--- Record set ---

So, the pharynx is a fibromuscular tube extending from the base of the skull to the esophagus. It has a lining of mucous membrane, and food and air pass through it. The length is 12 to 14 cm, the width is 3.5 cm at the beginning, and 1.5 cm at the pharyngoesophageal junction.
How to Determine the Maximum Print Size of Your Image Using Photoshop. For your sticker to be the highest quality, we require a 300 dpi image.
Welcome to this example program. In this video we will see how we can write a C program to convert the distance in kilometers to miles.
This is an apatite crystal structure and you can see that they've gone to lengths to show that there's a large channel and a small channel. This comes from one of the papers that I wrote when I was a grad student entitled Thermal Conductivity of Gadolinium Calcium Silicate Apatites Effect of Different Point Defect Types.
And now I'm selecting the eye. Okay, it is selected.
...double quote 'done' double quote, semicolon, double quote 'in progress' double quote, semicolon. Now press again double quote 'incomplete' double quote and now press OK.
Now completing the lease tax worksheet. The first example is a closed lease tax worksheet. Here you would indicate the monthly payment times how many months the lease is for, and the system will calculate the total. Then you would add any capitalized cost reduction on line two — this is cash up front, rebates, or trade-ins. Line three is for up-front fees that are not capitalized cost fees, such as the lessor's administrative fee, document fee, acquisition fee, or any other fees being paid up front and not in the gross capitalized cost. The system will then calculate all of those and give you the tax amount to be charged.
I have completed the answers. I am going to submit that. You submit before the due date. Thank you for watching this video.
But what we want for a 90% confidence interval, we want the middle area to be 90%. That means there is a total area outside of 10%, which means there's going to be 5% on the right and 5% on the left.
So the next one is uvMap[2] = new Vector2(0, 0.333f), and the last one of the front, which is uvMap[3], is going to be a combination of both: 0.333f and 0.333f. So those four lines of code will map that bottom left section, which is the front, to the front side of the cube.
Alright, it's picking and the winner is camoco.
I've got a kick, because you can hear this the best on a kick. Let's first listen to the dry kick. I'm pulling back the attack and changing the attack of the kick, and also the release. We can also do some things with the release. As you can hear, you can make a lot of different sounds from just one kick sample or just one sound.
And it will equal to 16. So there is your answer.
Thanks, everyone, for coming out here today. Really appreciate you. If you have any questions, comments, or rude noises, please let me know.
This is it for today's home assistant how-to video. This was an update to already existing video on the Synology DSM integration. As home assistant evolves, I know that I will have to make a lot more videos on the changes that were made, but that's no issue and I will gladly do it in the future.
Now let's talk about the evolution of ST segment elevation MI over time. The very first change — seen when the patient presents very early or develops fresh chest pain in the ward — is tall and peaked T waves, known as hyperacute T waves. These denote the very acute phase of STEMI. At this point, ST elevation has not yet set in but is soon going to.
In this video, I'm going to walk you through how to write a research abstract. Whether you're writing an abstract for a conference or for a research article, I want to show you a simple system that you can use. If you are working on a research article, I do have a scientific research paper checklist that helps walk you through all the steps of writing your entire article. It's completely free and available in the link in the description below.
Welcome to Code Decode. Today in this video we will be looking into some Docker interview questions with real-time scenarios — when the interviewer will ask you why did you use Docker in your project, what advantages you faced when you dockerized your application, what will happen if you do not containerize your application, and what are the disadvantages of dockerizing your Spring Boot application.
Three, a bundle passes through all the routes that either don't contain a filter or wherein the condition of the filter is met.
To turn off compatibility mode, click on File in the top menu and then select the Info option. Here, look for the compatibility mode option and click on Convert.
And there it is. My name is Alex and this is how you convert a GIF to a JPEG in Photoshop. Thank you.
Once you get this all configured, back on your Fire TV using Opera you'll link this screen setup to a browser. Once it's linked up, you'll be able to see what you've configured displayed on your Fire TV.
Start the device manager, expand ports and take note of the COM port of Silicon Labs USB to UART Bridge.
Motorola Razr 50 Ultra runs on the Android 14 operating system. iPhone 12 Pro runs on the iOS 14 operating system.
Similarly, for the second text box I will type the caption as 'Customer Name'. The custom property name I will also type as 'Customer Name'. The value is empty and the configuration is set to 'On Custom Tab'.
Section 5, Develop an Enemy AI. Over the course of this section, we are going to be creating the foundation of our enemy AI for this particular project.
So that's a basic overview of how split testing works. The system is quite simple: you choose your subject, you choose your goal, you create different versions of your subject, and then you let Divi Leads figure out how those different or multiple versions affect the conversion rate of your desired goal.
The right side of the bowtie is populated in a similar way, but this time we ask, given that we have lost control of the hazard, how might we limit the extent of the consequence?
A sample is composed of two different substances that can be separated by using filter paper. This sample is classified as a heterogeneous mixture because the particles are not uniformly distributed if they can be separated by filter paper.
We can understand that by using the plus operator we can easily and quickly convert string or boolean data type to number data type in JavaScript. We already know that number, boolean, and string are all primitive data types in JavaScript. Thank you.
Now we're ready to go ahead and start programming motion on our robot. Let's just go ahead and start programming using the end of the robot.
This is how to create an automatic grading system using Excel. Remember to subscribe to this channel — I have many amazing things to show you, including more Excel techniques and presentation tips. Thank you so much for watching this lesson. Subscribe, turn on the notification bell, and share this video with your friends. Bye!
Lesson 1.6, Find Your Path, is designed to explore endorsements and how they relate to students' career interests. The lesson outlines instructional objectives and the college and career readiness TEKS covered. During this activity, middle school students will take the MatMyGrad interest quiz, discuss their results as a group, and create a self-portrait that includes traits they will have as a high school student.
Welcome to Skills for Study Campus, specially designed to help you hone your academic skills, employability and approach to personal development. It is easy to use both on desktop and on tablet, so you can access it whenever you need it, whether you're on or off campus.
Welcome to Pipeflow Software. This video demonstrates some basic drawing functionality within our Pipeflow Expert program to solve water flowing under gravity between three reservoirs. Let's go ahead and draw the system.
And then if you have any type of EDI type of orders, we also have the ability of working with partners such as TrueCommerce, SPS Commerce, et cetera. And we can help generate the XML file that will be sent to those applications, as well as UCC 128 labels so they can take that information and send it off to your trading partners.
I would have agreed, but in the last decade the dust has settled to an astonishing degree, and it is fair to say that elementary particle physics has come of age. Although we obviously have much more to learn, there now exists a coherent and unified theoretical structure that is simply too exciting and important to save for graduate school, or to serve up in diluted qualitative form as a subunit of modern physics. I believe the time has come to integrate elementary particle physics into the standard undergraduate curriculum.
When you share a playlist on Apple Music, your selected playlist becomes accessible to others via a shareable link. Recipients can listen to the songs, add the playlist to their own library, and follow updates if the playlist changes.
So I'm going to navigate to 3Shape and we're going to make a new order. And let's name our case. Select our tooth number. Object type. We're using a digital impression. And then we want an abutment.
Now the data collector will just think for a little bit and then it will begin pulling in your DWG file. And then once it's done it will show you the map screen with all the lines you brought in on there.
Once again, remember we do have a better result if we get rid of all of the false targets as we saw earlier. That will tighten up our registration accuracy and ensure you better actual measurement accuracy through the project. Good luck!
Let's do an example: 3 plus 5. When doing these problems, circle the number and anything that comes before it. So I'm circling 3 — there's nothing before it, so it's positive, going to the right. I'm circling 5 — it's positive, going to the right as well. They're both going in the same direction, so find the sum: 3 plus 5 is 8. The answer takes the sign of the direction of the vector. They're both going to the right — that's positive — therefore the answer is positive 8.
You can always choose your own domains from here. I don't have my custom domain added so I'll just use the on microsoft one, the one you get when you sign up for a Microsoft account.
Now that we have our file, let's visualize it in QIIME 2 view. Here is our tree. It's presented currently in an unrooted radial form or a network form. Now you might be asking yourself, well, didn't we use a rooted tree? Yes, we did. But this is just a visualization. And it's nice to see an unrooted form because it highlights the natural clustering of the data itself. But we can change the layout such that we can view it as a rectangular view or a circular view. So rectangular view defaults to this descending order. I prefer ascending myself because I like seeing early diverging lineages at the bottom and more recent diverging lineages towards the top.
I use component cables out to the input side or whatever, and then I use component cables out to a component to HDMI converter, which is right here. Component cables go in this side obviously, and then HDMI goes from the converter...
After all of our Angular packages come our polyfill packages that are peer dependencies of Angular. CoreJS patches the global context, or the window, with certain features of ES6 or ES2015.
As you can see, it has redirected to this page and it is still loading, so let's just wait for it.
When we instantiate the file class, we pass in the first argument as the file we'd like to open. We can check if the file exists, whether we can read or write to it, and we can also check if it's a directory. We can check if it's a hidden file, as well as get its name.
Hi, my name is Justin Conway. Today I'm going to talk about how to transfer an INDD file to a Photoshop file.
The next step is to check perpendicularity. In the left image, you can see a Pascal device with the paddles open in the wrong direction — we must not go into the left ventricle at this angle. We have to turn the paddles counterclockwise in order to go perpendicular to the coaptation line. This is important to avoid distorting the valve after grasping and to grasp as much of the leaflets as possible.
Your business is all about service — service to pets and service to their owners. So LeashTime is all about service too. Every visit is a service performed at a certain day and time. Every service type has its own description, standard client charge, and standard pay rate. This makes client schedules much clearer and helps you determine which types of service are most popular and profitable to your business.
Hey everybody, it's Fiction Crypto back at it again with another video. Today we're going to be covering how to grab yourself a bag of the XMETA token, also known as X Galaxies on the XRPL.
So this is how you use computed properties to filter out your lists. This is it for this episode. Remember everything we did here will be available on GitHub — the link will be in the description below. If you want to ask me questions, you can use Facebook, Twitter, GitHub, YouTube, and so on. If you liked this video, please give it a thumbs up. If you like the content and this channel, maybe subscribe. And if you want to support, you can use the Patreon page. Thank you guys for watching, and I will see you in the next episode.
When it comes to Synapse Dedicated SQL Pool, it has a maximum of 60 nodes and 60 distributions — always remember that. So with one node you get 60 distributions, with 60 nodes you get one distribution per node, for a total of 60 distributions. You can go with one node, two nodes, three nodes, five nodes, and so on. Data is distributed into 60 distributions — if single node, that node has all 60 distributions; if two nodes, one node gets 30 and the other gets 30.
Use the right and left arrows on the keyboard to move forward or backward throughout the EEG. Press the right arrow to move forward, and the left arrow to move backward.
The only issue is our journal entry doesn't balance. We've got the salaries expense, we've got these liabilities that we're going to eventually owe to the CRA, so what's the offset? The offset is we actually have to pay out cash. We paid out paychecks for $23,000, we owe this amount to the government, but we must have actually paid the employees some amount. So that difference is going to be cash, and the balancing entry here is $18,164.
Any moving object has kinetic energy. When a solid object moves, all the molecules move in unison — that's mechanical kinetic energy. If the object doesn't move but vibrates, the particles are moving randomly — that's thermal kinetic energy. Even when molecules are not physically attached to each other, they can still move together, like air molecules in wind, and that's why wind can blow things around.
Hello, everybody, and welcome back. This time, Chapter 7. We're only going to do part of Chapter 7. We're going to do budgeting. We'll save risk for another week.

---

Work instruction:
Every line above that includes the word "choose" should be listed.

Response to the exercise:
So that's a basic overview of how split testing works. The system is quite simple: you choose your subject, you choose your goal, you create different versions of your subject, and then you let Divi Leads figure out how those different or multiple versions affect the conversion rate of your desired goal.
You can always choose your own domains from here. I don't have my custom domain added so I'll just use the on microsoft one, the one you get when you sign up for a Microsoft account.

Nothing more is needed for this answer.